Ensuite, c'est misérabiliste à donf du début jusqu'à la fin de cette fichue seconde partie. Il ne lui arrive que des grosses merdes à ce malheureux, qui, d'un coup, n'a plus de personnalité bien définie, se contentant que de pratiquement afficher une tronche de chien battu tout du long. Visiblement, il ne croise jamais la route d'un Américain masculin, de type caucasien, non juif, qui soit un minimum bienveillant à son égard. Lors de la grosse ellipse de cinq ans, lors de laquelle il travaille dans un grand cabinet d'architecture à New York, il n'a pas réussi à faire connaissance avec des gens sympas ? Puisqu'il trouve qu'il n'y a rien de bien dans son pays d'accueil, pourquoi le personnage principal ne prend pas plus vite un aller simple pour Israël ? Je ne conteste pas du tout qu'un juif hongrois, survivant de la Shoah (ou un étranger en général, car on peut élargir le propos du long-métrage !), puisse ne pas se sentir à sa place dans un territoire qu'il considère (pour des raisons légitimes !) lui être hostile, mais il y avait besoin de forcer le trait avec une aussi complète absence de subtilité et de nuance ?


Dans cette optique, il y a une séquence, sortie de totalement nulle part (car il n'y a pas eu, auparavant, de comportement de l'ordre du concupiscent de la part de l'antagoniste en question !), qui enfonce bien le clou (enfoncer est le verbe approprié, croyez-moi !), comme quoi les Amerloques blancs, dénués de judaïté, ils ne sont vraiment pas gentils, en martelant que le riche homme d'affaires, le méchant ultime du game, incarné par Guy Pearce, est la pire enflure du monde et qu'il considère le protagoniste comme sa créature.

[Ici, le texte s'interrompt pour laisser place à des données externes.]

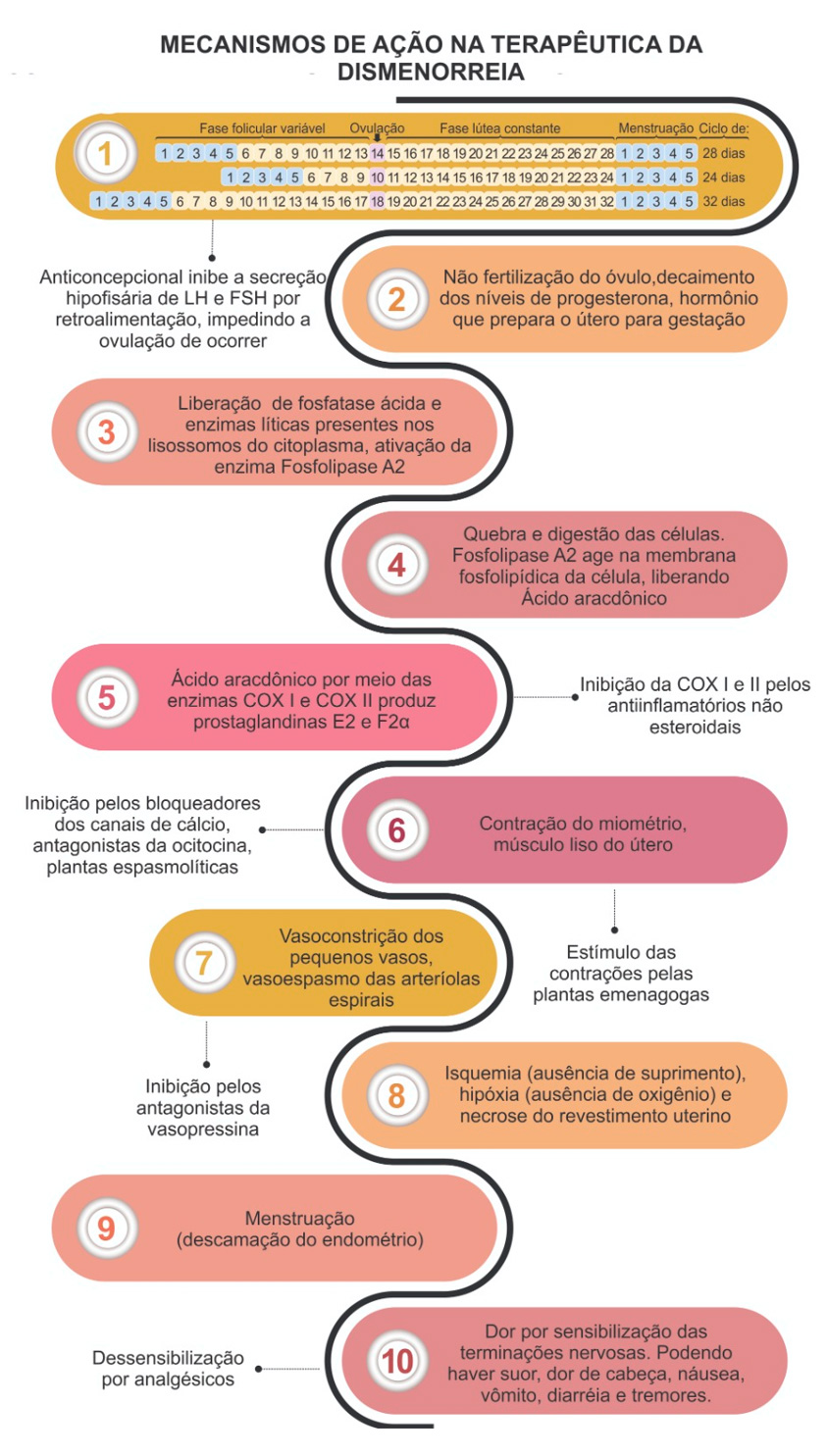 Figura 1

Ouais, ce n'est pas comme si on ne l'avait pas déjà compris depuis dix plombes. Pas besoin de l'autre lourdeur bien démonstrative pour mettre en exergue symboliquement que, ô combien, le puissant écrase le misérable. C'est bon, Brady, tu l'avais déjà surligné mille fois, bordel. Je sais que certains vont me répondre que ça provoque une cassure psychologique chez László. C'est vrai, mais je pense que c'est surtout une facilité pour accélérer vers la fin (oui, quand je vous dis que la seconde partie est très rushée par rapport à la première… !).


Et je ne préfère pas m'étendre sur le fait que le personnage de l'épouse (qui ne servait pas réellement à grand-chose dans l'histoire jusqu'ici !) puisse, après avoir appris le viol, retrouver miraculeusement l'usage de ses jambes (ouais, elle a attendu ce moment bien précis et pas un autre pour le faire... oh bordel, qu'est-ce que c'est téléphoné !) et nous sortir le poncif de la grande scène vibrante, bien hollywoodienne, de la remise à sa place du méchant ultime du game.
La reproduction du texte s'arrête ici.